Asırların surlarını inancının aleviyle eriten, kilitlerini azmiyle açan ve engellerini imanıyla yıkan Türk milleti, bu haliyle esareti, bağımlılığı ve zorbalığı her devirde reddetmiştir. Ülkücü hareket işte böylesi yüksek bir iradenin ve kararlılığın temsilcisi ve emsalsiz tarafı olarak tarihe geçmiştir. Ülkücüler, toprağı vatan yapan şehit kanı, aynısıyla bir fikri kutsal dava olarak kabul ederek candan ve serden geçmeyi göze alan insanlık mucizeleridir.

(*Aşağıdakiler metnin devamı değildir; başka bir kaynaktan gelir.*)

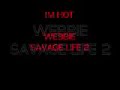 im hot webbie savage life 2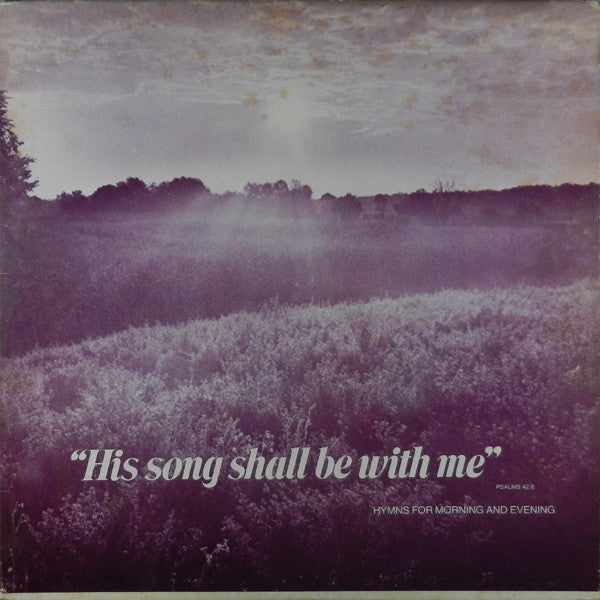 Doreen Frost Burkhart, George Sawtelle : His Song Shall Be With Me (Hymns For Morning And Evening From The Christian Science Hymnal) (LP)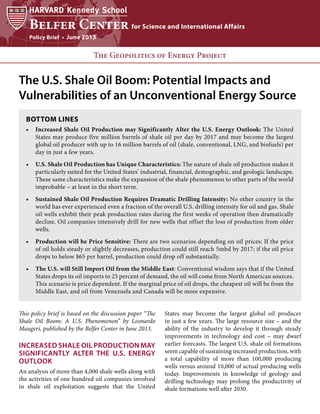 Policy Brief • June 2013

The Geopolitics of Energy Project

The U.S. Shale Oil Boom: Potential Impacts and
Vulnerabilities of an Unconventional Energy Source
BOTTOM LINES
•	 Increased Shale Oil Production may Significantly Alter the U.S. Energy Outlook: The United
States may produce five million barrels of shale oil per day by 2017 and may become the largest
global oil producer with up to 16 million barrels of oil (shale, conventional, LNG, and biofuels) per
day in just a few years.
•	 U.S. Shale Oil Production has Unique Characteristics: The nature of shale oil production makes it
particularly suited for the United States’ industrial, financial, demographic, and geologic landscape.
These same characteristics make the expansion of the shale phenomenon to other parts of the world
improbable – at least in the short term.
•	 Sustained Shale Oil Production Requires Dramatic Drilling Intensity: No other country in the
world has ever experienced even a fraction of the overall U.S. drilling intensity for oil and gas. Shale
oil wells exhibit their peak production rates during the first weeks of operation then dramatically
decline. Oil companies intensively drill for new wells that offset the loss of production from older
wells.
•	  roduction will be Price Sensitive: There are two scenarios depending on oil prices: If the price
P
of oil holds steady or slightly decreases, production could still reach 5mbd by 2017; if the oil price
drops to below $65 per barrel, production could drop off substantially.
•	 The U.S. will Still Import Oil from the Middle East: Conventional wisdom says that if the United
States drops its oil imports to 25 percent of demand, the oil will come from North American sources.
This scenario is price dependent. If the marginal price of oil drops, the cheapest oil will be from the
Middle East, and oil from Venezuela and Canada will be more expensive.
This policy brief is based on the discussion paper “The
Shale Oil Boom: A U.S. Phenomenon” by Leonardo
Maugeri, published by the Belfer Center in June 2013.

Increased Shale Oil Production may
Significantly Alter the U.S. Energy
Outlook
An analysis of more than 4,000 shale wells along with
the activities of one hundred oil companies involved
in shale oil exploitation suggests that the United

States may become the largest global oil producer
in just a few years. The large resource size – and the
ability of the industry to develop it through steady
improvements in technology and cost – may dwarf
earlier forecasts. The largest U.S. shale oil formations
seem capable of sustaining increased production, with
a total capability of more than 100,000 producing
wells versus around 10,000 of actual producing wells
today. Improvements in knowledge of geology and
drilling technology may prolong the productivity of
shale formations well after 2030.

 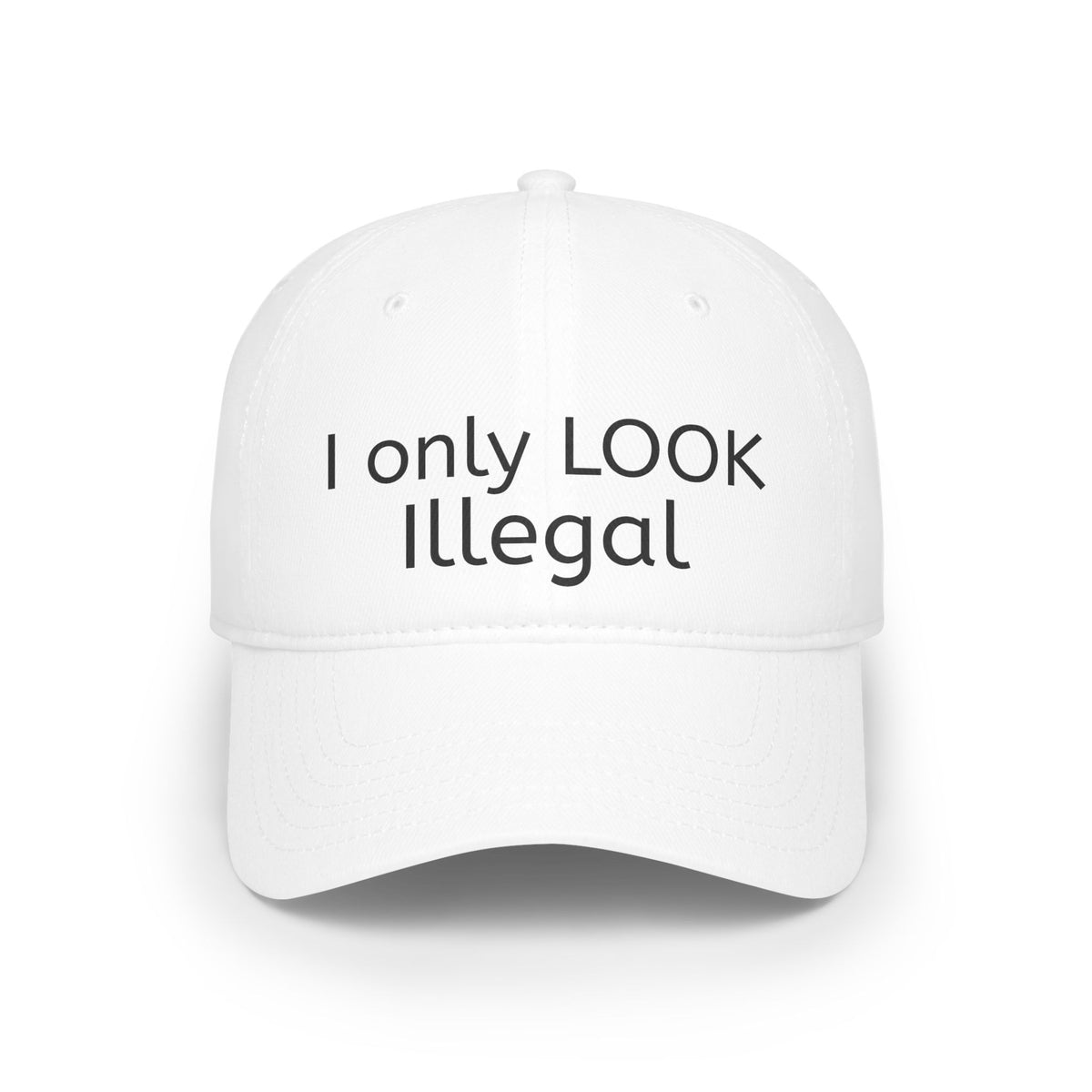 I Only Look Illegal Ball Funny, witty, sarcastic political Cap One Size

Ülkücüler; Yatağından taşan coşkun ırmaklar gibi pisliklere, tortulara ve ideolojik kalıntılara her şeyleriyle mukabele etmişlerdir. Türk tarihinin mirasına, milletimizin devamlılığına haramın, ihanetin ve kötülüğün bulaşmaması için ibretlik bir duruş sergilemişlerdir. Kurşuna, bombaya, tuzağa ve her türlü saldırıya teslim olmamışlardır. Yeri gelmiş Yunus gibi gönüllere girmişler, yeri gelmiş mukaddesatları uğruna Yavuz olmaktan kaçınmamışlardır. Şöhret, servet ve kudret peşinde koşmamışlardır. Menfaat arayışında, çıkar beklentisinde bulunmamışladır. Türklüğün umudu, Türk milletinin aydınlık geleceği olmuşlardır. Boş yere şehit olmayıp, aldıkları emaneti yere düşürmemiş ve leke sürdürmemişlerdir.
Milletimizin sahip olduğu, bütün milli ve manevi değerlerinin tahrip edildiği, yozlaşma ve çürümenin alabildiğine tırmandığı günümüzde Bu vatan için vatan toprağına düşmüş Ülkücü şehitlerimizin yüksek ahlak ve erdemine her zamankinden daha çok ihtiyacımız olduğu bir gerçektir. Onlar bizim yeminimiz, rehberimiz, dava arkadaşımız ve mana aleminde de olsa çetin yolları aşan fazilet timsallerimizdir.
Birileri bu aziz şehitlerimizi unutsa da biz unutmayacağız. Şehitlerimiz üzerinden rant elde eden çetelere karşıda mücadelemiz devam edecektir. Onlar birileri için değil, bu millet, bu vatan ve inandıkları davaları uğruna şahit düşmüşlerdir. Kendilerini minnet ve şükranla anarken davalarının takipçisi olmaya devam edeceğiz. Ruhları Şad, mekanları cennet olsun.